This time last year, during the final presidential debate, Joe Biden promised to “fundamentally change” the administration of criminal justice if elected. That change is much needed — on issues ranging from police misconduct to excessive sentences to racial disparities in arrests, charges and punishment.
A case pending in Brooklyn, however, flies in the face of the president’s stated commitment both to racial justice and righting the wrongs of excessive punishment.
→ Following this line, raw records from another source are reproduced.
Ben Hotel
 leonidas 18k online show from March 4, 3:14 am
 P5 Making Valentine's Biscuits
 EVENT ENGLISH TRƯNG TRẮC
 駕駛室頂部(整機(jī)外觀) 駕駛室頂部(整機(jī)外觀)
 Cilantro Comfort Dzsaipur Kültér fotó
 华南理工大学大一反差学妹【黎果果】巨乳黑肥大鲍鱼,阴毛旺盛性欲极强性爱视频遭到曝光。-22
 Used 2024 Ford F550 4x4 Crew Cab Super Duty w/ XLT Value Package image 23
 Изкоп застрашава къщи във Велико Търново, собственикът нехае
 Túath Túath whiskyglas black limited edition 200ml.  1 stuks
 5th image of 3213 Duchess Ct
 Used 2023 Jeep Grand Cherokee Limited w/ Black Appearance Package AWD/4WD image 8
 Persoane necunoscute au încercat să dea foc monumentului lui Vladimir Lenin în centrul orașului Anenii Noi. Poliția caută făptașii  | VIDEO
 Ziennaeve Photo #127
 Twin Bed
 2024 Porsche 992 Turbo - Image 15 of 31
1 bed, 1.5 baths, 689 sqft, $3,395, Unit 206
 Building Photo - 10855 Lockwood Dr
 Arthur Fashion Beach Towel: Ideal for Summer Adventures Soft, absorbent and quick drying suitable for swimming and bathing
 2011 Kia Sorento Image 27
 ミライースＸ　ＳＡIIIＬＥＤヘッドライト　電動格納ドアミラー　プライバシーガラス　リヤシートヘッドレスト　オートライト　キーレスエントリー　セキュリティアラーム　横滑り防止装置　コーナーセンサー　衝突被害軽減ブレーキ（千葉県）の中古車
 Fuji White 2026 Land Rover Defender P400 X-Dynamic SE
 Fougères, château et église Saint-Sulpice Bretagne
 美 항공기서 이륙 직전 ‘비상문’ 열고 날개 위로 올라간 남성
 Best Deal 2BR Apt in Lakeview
Federal prosecutors in the Eastern District of New York are continuing to pursue the Trump-era approach of labeling Black Lives Matter protesters as terrorists.


Colinford Mattis and Urooj Rahman are two lawyers who were arrested in Brooklyn in May 2020 while protesting for racial justice. (I taught Mattis at NYU Law, but I am not on his defense team.) Mattis and Rahman allegedly threw a Molotov cocktail at an empty NYPD car during a night of mass protest after George Floyd’s murder.
FILE- This May 30, 2020 combination of booking photos provided by the United States Attorney's Office of the Eastern District of New York shows Colinford Mattis, left, and Urooj Rahman, both Brooklyn attorneys.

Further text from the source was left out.